Work to be completed: Copy out the full listing below as it stands, with its pictures left behind.

== Available data

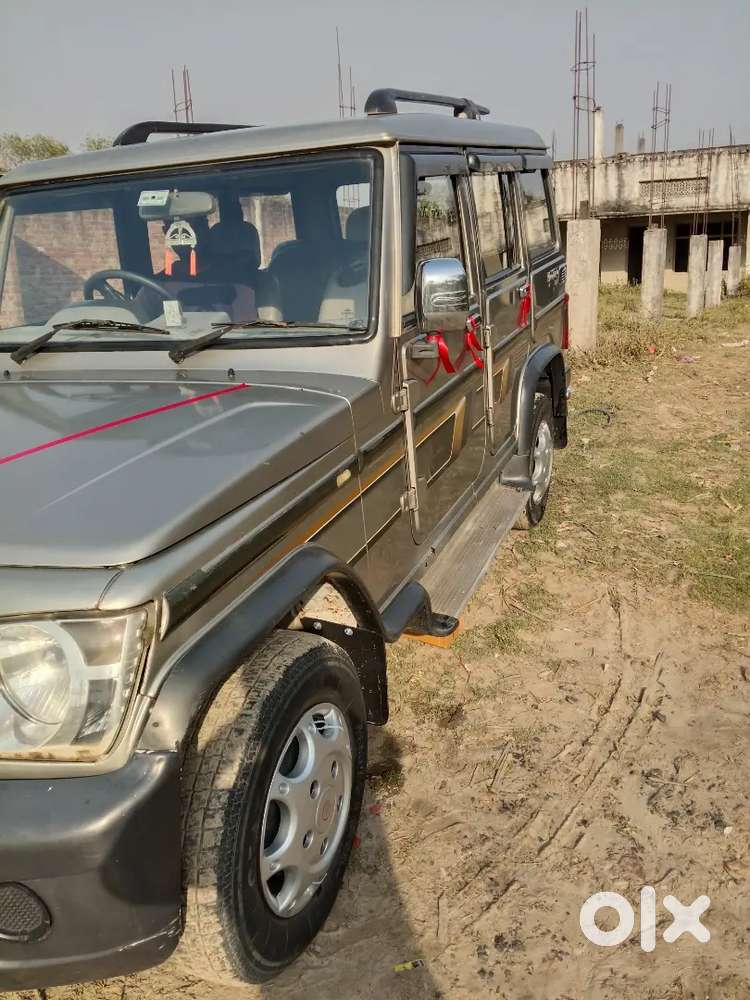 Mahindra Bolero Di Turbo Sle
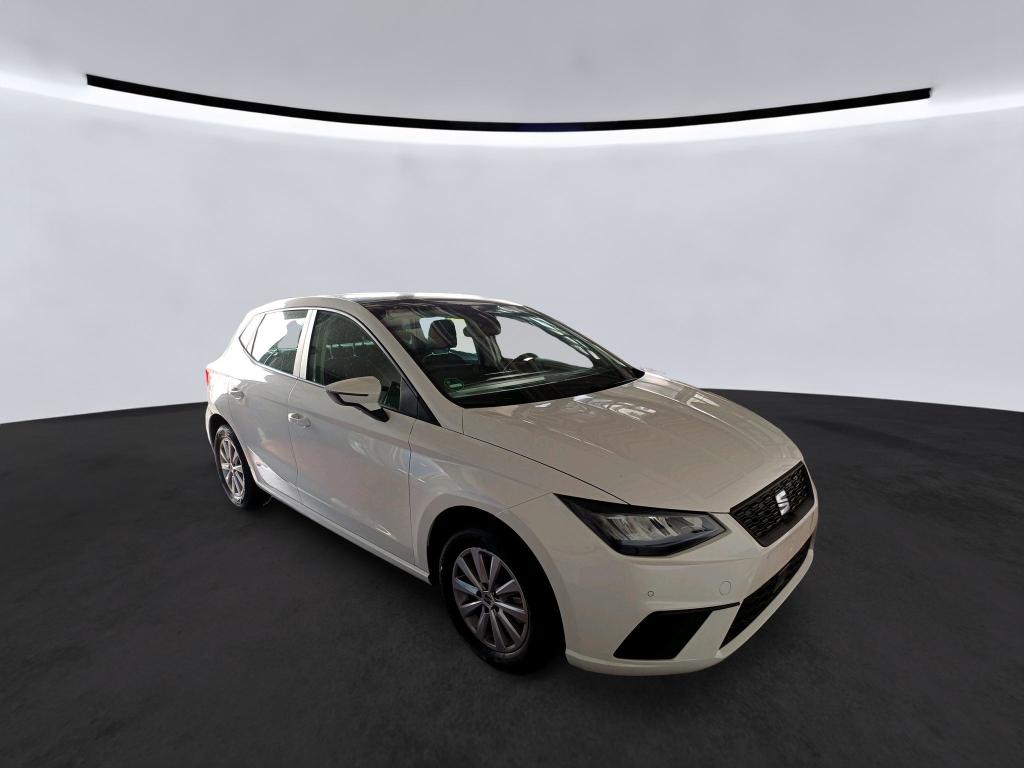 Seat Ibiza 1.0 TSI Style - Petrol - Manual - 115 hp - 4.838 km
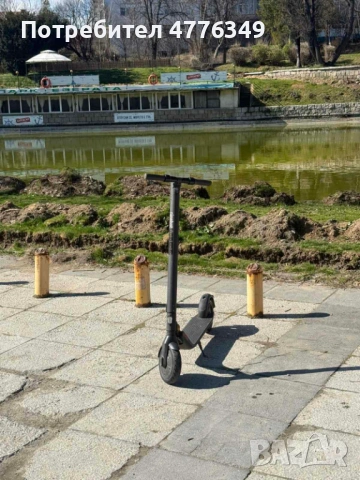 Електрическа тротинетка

====

Written solution:
 Mahindra Bolero Di Turbo Sle
 Seat Ibiza 1.0 TSI Style - Petrol - Manual - 115 hp - 4.838 km
 Електрическа тротинетка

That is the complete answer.